「私、あの時、何もできんかったから」
第16回の少年の嘔吐(おうと)に続き、環の高熱。初週はコロリ。看護師ものだから、病気ネタが続く。
不穏な鐘の音がして、美津が2階に上がってくる。これまでこんなに熱があがったことはないと心配するりん。あちこち慣れない場所に連れ回されて疲れてしまったのだろう。かわいそうに。
美津は手ぬぐいにねぎをのせ、環の首に巻く。
りんが子どもの頃、熱を出したときにはこれが効いたという。
「私はあなたを子どものころから看病してきました」と、他人の看護よりも家族の看護で十分だということを暗に示す美津。
母と看病を交代し、1階に降りると、安がおにぎりを握っている。りんは沸いているおつゆをお椀に入れる。日常の生活動線が“それなりに”再現されているのは、『風、薫る』の良いところだ。湯気もふんわりといい感じ。

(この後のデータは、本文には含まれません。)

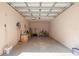 Spacious garage with ample storage space and room for a bicycle at 424 Luna Bella Ln # 433, New Smyrna Beach, FL 32168
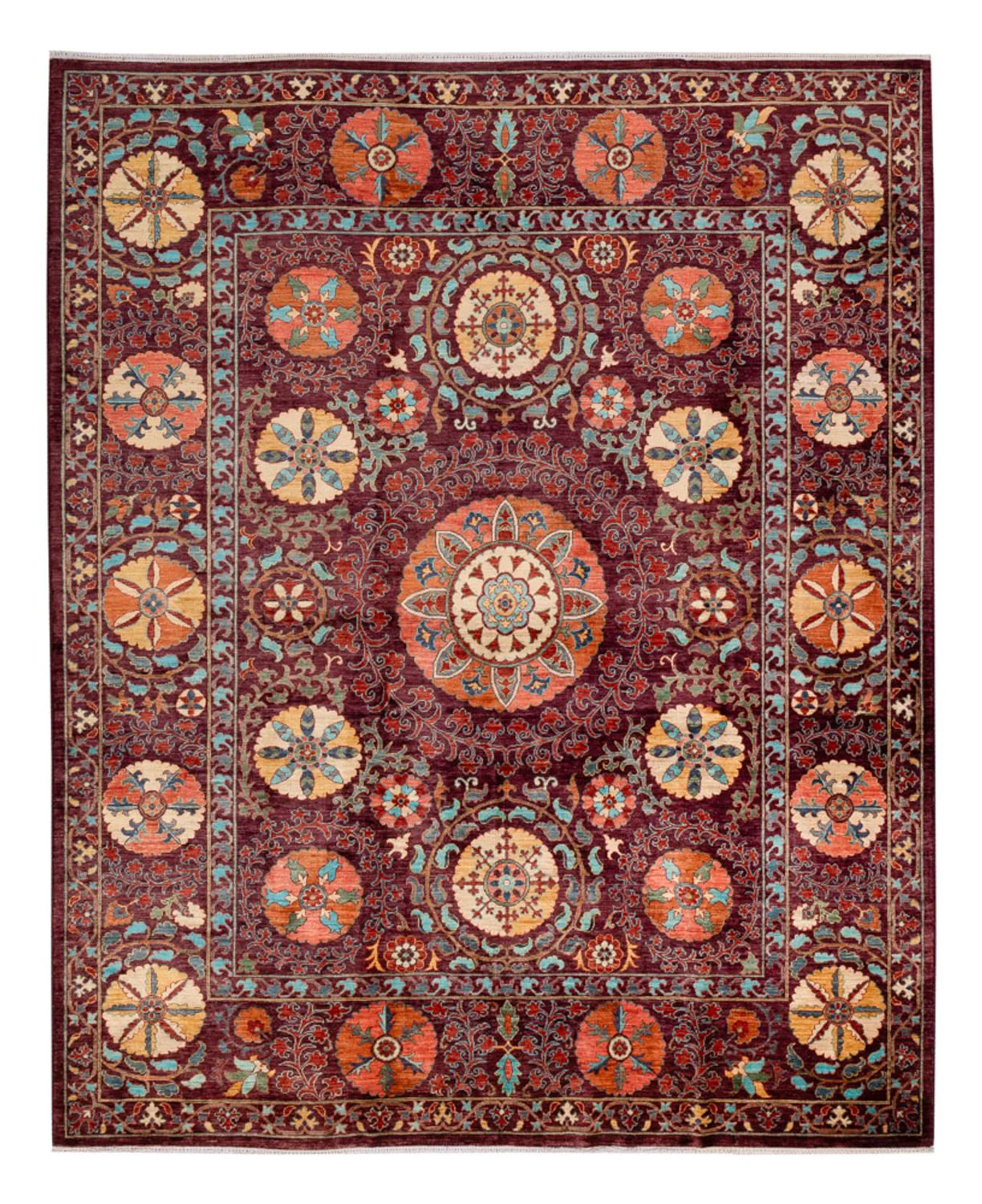 Ziegler Teppich - Ariana - 251 x 202 cm - weinrot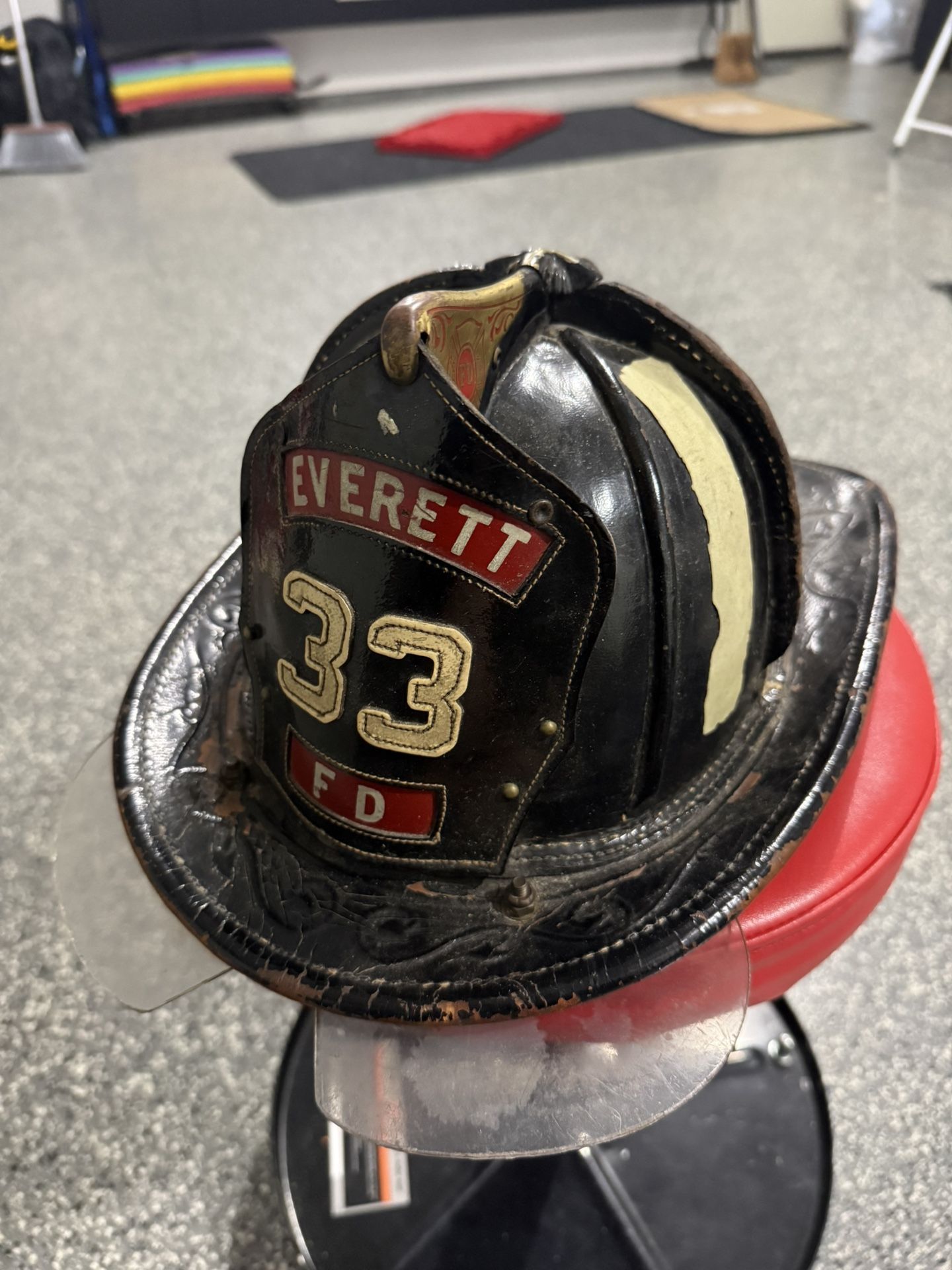 Vintage Firefighter Helmet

りんは、父・信右衛門(北村一輝)のことを思い出していた。あのとき、自分が適切な看護の方法を知っていたら父は生きられたかもしれないと後悔する。
「私、あん時、なんもできんかったから」と『おかえりモネ』(21年度前期)のようなことを言う(主人公が東日本大震災のとき何もできなかったことを悔いていた)。
「今だって、環に何をしていいのか……」
確かに、あのとき、捨松(多部未華子)のように、吐瀉(としゃ)物の処理の仕方や、口をゆすいでから水を飲ませる知識などがりんにあれば、少なくとも信右衛門の苦しみは軽減できたかもしれない。
民間療法が理屈に合っていることもある。ねぎを首に巻いて熱を引かせるのも、殺菌成分が含まれているためだとは言われている。

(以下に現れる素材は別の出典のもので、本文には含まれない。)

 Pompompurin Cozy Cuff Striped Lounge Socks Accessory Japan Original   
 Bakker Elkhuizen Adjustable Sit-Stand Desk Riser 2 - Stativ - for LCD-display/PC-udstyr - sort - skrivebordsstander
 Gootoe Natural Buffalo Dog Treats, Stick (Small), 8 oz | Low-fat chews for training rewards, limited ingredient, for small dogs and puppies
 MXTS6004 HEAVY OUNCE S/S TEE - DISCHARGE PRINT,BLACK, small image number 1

ただ、もっと、研究を進めて、医学という形に昇華していくことでより的確に病気を治すことができるわけだ。
捨松の行いを見るに、まずは難しいことではなく、衛生面の徹底であろう。
衛生面における時代の変化は興味深い。
一晩中、環のそばに寄り添っていたりんだが、朝方、つい居眠りしてしまっていると、環の熱が下がっていた。
「おなかすいた」という環に、小魚の煮物を食べさせるりん。おいしそうに食べる環が愛らしい。ここで食べるものが小魚というのが渋い。質実剛健。